En deçà d'un an d'ancienneté, Financière des Paiements Electroniques indemnise à 100% les 14 premiers jours du congé paternité/accueil de l’enfant, y compris les 3 jours “naissance”.
Financière des Paiements Électroniques a mis en place la subrogation durant cette période d’absence et ce sans condition d’ancienneté.
C / Le congé supplémentaire de naissance
La loi de financement de la Sécurité sociale n°2025-1403 du 30 décembre 2025 crée un congé supplémentaire de naissance pour les deux parents. Ce nouveau dispositif vise à une meilleure conciliation entre la vie familiale et la vie professionnelle, ainsi qu’une plus grande égalité entre les femmes et les hommes à l’arrivée d’un enfant.
Il va permettre à chacun des deux parents d’ajouter une période d’un ou deux mois de congé indemnisé à ses droits à congé de maternité, de paternité et d’accueil de l’enfant ou d’adoption. Chaque parent pourra prendre le congé simultanément ou en alternance avec l'autre. Ce congé sera fractionnable en deux périodes d’un mois.
Ce congé supplémentaire de naissance sera accessible à partir du 1er juillet 2026 après la publication des décrets d’application prévus par la loi, qui viendront préciser les modalités de prise du congé et de son indemnisation. Tout parent d’enfant né à compter du 1er janvier 2026 ou né prématurément mais dont la naissance était prévue à compter de cette date, pourra y recourir dès le 1er juillet sous réserve de respecter les conditions d’ouverture de droit. C’est aussi le cas des parents adoptants d’enfants arrivés au foyer entre le 1er janvier et le 30 juin 2026.
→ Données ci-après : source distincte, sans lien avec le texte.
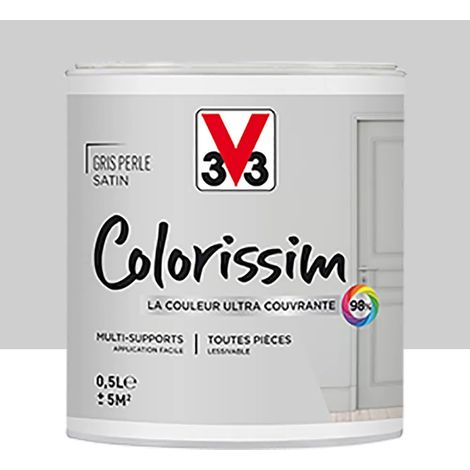 Peinture Multi-supports V33 Colorissim Satin Gris perle 0,5 L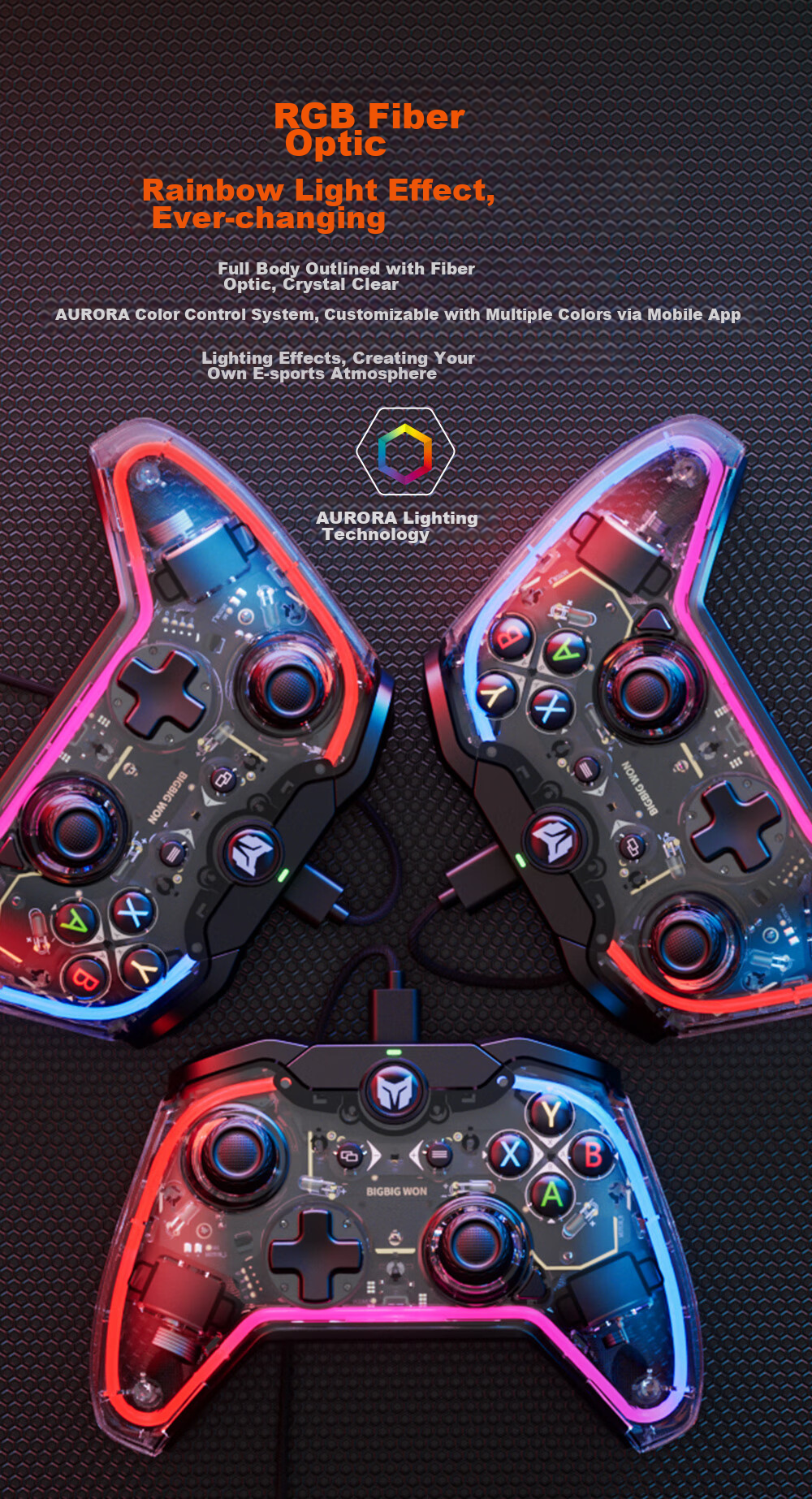 Mojiang Rainbow S Elite Wired Game Controller with Motion Sensing Macro Switch/PC/Steam/IOS Controller for Elden Ring, Horizon Forbidden West, Zelda 13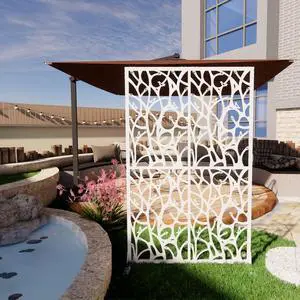 Metal Outdoor Privacy Screens,W3.8Ft X H6Ft Decorative Fences,Outdoor and Indoor Privacy Panels with Stand,Free Standing Privacy Screen Divider for Balcony Patio Garden Room,White Bird Shape Metal Outdoor Privacy Screens,W3.8Ft X H6Ft Decorative Fences,Outdoor and Indoor Privacy Panels with Stand,Free Standing Privacy Screen Divider for Balcony Patio Garden Room,White Bird Shape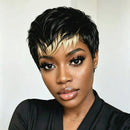 Pixie Cut human human hair Wig 6Inch Basic for Daily Women Chic Retro short straight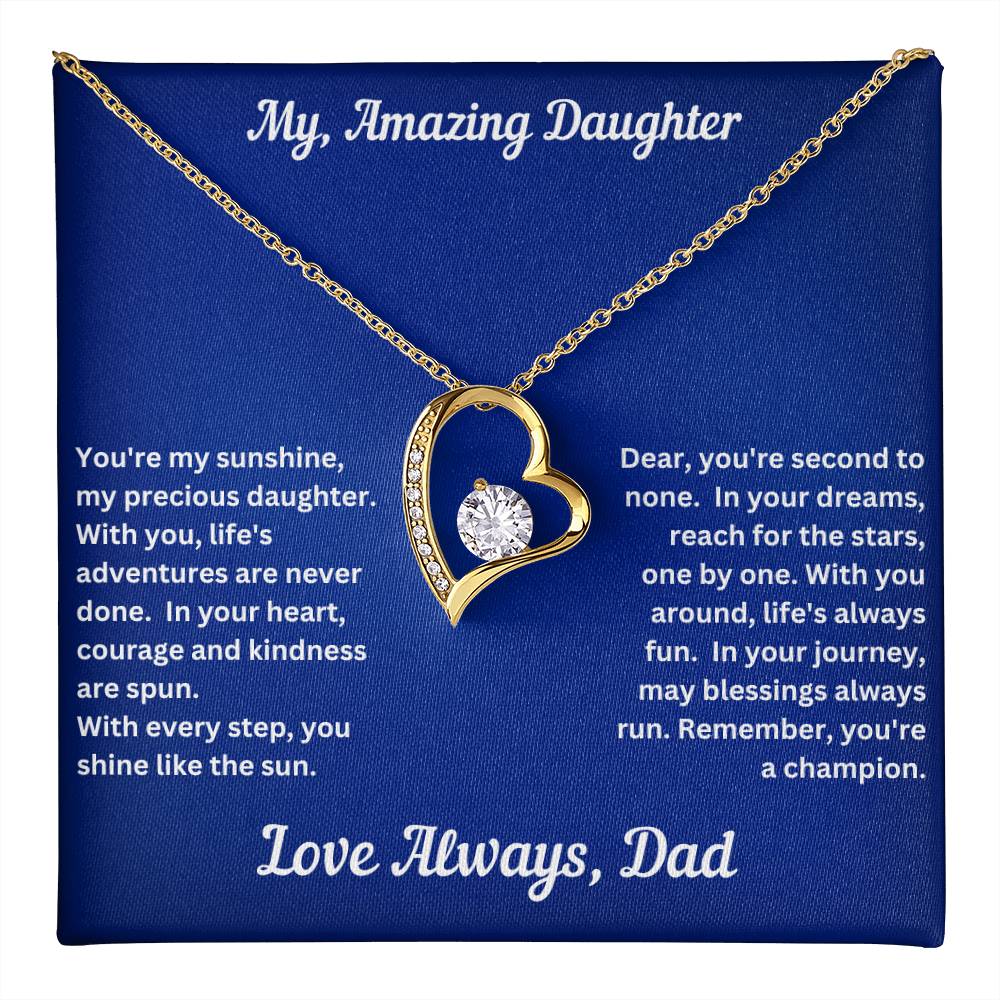 Daughter gift from dad with forever love necklace and unique message in a standard box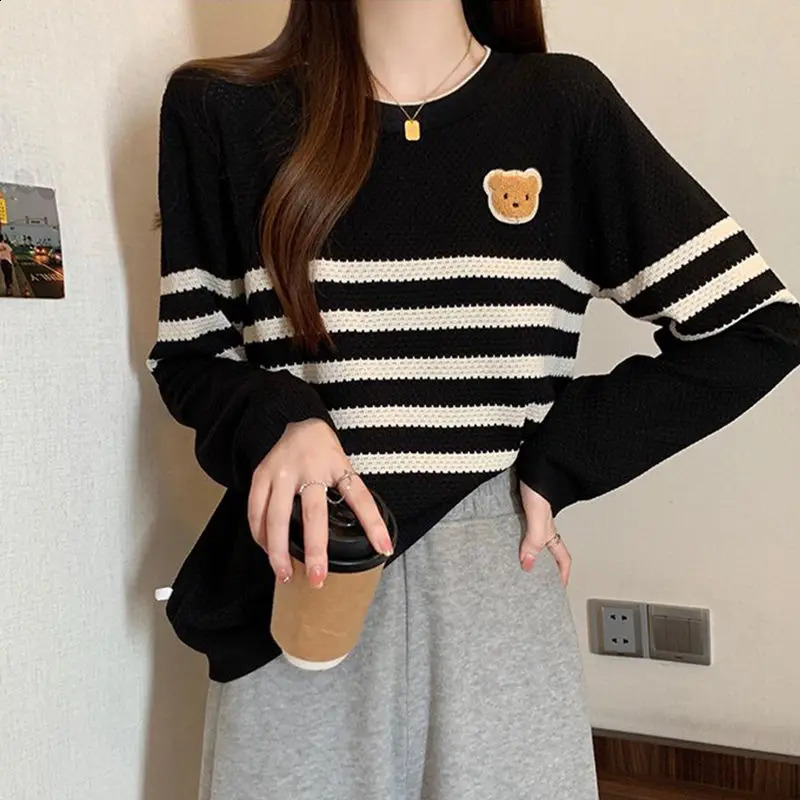 Preppy Style Autumn Womens Sweaters O-Neck Striped Cartoon Screw Thread Fashion Casual Loose Long Sleeve Pullovers Knitted Tops 240812
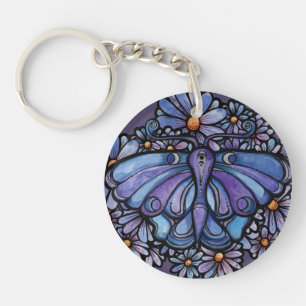 Purple Moon Moth Daisies          Key Ring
A la date de signature du présent accord, il est envisagé par le Gouvernement que l’indemnisation du congé supplémentaire de naissance soit dégressive : un premier mois indemnisé à 70 % du salaire net antérieur et un deuxième mois indemnisé à 60 % du salaire net antérieur, dans la limite du plafond de la Sécurité sociale.
Les parties au présent accord conviennent de renforcer le dispositif du congé supplémentaire de naissance à compter du 1er juin 2026, date d’entrée en vigueur du présent accord, qui viendra remplacer le dispositif de Baby Days précédemment mis en place par accord d’entreprise et prenant fin le 31 mai 2026.
A compter d’un an d’ancienneté au sein de Financière des Paiements Électroniques au moment du départ en congé maternité, d’adoption, de paternité, dans le cas où le (la) salarié(e) ferait le choix d’adosser les deux mois de congé supplémentaire de naissance aux congés maternité, d’adoption, de paternité, Financière des Paiements Électroniques valorisera ce nouveau congé naissance selon le financement suivant :
Le 1er mois : un complément de 30% du salaire net antérieur pris en charge par Financière des Paiements Électroniques (ce qui portera l’indemnisation totale du (de la) salarié(e) à 100% si l’on tient compte de l’indemnisation envisagée par le Gouvernement (70%) durant le premiers mois)
Le 2ème mois : un complément de 20% du salaire net antérieur pris en charge par Financière des Paiements Électroniques (ce qui portera l’indemnisation totale du (de la) salarié(e) à 80% si l’on tient compte de l’indemnisation envisagée par le Gouvernement (60%) durant le premiers mois)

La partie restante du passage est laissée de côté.